[Short text fragments from websites]
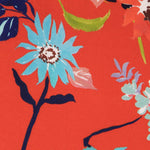 Tissu Satin Floral Rouge - Ribes y Casals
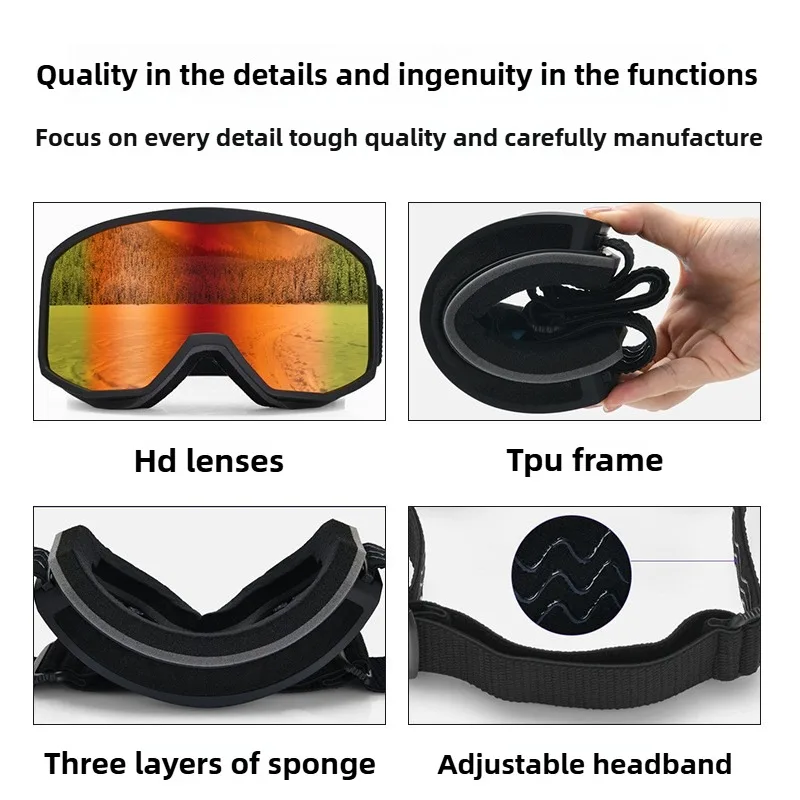 Nuevas gafas de esquí al aire libre, gafas de esquí antiniebla dobles para hombres y mujeres, accesorios para deportes de invierno, gafas de esquí para snowboard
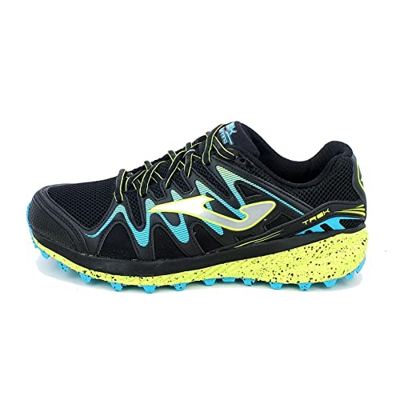 Joma Serie Trek, Zapatillas para Correr Hombre, Negro-Amarillo Fluor, 47 EU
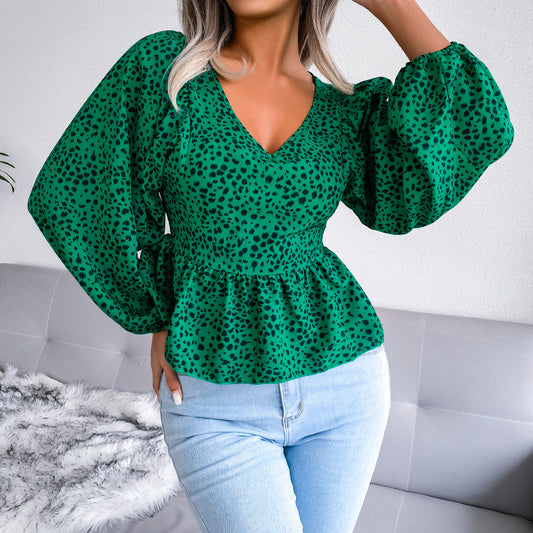 Lantern Long Sleeve Casual Leopard Print Chiffon Shirt Top Women Clothing Spring Summer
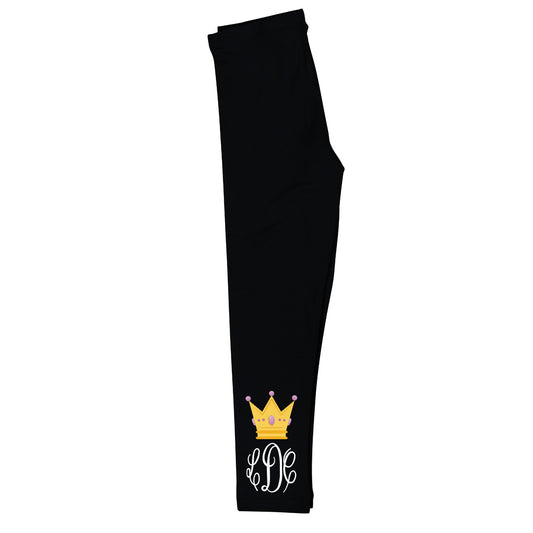 Crown Personalized Monogram Black Leggings - Wimziy&Co.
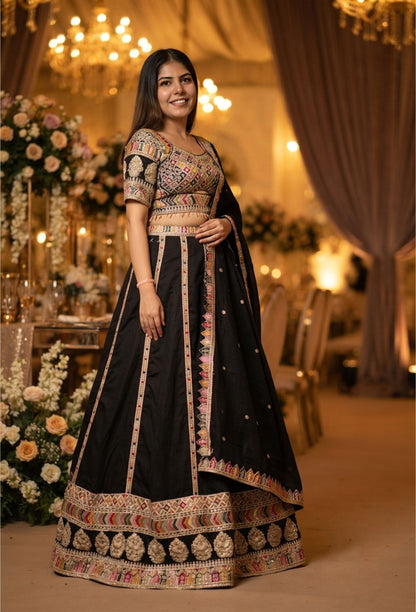 Sabyasachi Inspired Anarkali Silk Lehenga with Elegant Multi Embroidery Silk Dupatta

REQUIRED ACTION ▸ Repeat the records in full, exactly as they appear, but with the pictures removed.

RESULT OF THIS EXERCISE ▸
 Tissu Satin Floral Rouge - Ribes y Casals
 Nuevas gafas de esquí al aire libre, gafas de esquí antiniebla dobles para hombres y mujeres, accesorios para deportes de invierno, gafas de esquí para snowboard
 Joma Serie Trek, Zapatillas para Correr Hombre, Negro-Amarillo Fluor, 47 EU
 Lantern Long Sleeve Casual Leopard Print Chiffon Shirt Top Women Clothing Spring Summer
 Crown Personalized Monogram Black Leggings - Wimziy&Co.
 Sabyasachi Inspired Anarkali Silk Lehenga with Elegant Multi Embroidery Silk Dupatta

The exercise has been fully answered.